This approach significantly improves analytical quality, as it allows consideration of more aspects of the data and more precise extraction of relevant information. In our work, the following tokenization variants are employed:

  • Node tokenization – each bar represents a separate analytical element that the model processes to extract data.
  • Edge tokenization – focuses on interactions between two consecutive bars, highlighting important connections across different parts of the data.
  • Subgraph tokenization – enables the formation of more complex structures by accounting for connections among multiple bars within a single group.
  • Subgraph tokenization of individual unitary sequences – provides detailed analysis of structural sequences, allowing for deeper-level data processing.

The use of these tokenization methods allows consideration of both individual elements and their interrelations, substantially improving the quality of information representation for each bar and enhancing overall model performance. Combining all tokens via Attention Pooling enables the model to adapt flexibly and focus on the most significant features, improving decision-making.

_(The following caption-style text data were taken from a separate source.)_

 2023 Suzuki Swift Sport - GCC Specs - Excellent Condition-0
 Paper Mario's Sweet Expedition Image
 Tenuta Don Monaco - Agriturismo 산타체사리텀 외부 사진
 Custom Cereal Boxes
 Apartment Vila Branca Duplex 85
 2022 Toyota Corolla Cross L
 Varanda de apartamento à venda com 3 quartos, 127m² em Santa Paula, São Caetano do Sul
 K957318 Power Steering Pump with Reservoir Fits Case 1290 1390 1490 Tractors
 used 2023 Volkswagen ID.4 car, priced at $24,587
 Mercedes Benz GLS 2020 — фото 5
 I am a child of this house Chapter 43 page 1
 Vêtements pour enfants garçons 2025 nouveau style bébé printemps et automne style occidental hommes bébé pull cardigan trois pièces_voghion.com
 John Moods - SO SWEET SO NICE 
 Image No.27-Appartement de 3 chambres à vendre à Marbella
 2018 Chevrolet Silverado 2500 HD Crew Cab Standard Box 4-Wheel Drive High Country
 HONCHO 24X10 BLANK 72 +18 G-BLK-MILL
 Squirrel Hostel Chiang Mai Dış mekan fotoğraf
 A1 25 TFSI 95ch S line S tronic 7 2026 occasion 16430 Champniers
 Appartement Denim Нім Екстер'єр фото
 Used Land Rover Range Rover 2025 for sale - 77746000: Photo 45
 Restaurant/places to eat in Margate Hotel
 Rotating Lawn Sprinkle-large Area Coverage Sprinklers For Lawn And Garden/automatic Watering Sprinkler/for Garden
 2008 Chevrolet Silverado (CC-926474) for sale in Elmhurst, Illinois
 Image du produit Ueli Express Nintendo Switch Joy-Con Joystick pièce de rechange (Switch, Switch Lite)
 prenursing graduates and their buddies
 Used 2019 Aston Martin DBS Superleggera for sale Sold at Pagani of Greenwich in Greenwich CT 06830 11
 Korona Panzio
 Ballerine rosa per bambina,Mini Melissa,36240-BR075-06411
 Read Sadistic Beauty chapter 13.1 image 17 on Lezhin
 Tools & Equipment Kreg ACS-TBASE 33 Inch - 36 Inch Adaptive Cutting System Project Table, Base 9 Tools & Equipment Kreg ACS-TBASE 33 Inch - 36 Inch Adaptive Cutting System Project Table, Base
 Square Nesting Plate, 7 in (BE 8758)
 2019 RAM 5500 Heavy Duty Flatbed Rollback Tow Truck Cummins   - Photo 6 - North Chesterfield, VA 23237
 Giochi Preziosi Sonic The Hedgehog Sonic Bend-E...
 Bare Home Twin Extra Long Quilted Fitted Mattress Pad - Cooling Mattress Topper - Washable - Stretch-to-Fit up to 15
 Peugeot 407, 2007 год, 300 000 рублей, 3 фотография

To implement this solution, we create a new object, CNeuronMoT. Its structure is shown below.

class CNeuronMoT  :  public CNeuronMHAttentionPooling
  {
protected:
   CNeuronConvOCL             cNodesTokenizer;
   CNeuronConvOCL             cEdgesTokenizer;
   CNeuronConvOCL             cSubGraphsTokenizer;
   CLayer                     cUnitarSubGraphsTokenizer;
   CNeuronBaseOCL             cConcatenate;
   //---
   virtual bool      feedForward(CNeuronBaseOCL *NeuronOCL) override;
   virtual bool      calcInputGradients(CNeuronBaseOCL *NeuronOCL) override;
   virtual bool      updateInputWeights(CNeuronBaseOCL *NeuronOCL) override;

public:
                     CNeuronMoT(void){};
                    ~CNeuronMoT(void){};
   //---
   virtual bool      Init(uint numOutputs, uint myIndex, COpenCLMy *open_cl,
                          uint window, uint units_count,
                          ENUM_OPTIMIZATION optimization_type, uint batch);
   //---
   virtual int       Type(void) override   const   {  return defNeuronMoT; }
   //---
   virtual bool      Save(int const file_handle) override;
   virtual bool      Load(int const file_handle) override;
   //---
   virtual bool      WeightsUpdate(CNeuronBaseOCL *source, float tau) override;
   virtual void      SetOpenCL(COpenCLMy *obj) override;
  };

The parent object in this case is CNeuronMHAttentionPooling, which already implements the Attention Pooling algorithm intended for use at the output stage of the module to combine different tokenization variants. This approach offers several significant advantages.

First, using the parent class avoids code redundancy, eliminating the need to re-implement the Attention Pooling module in other objects or components. Instead, we integrate a ready and optimized implementation of the algorithm, maintaining a high level of abstraction and simplifying code maintenance.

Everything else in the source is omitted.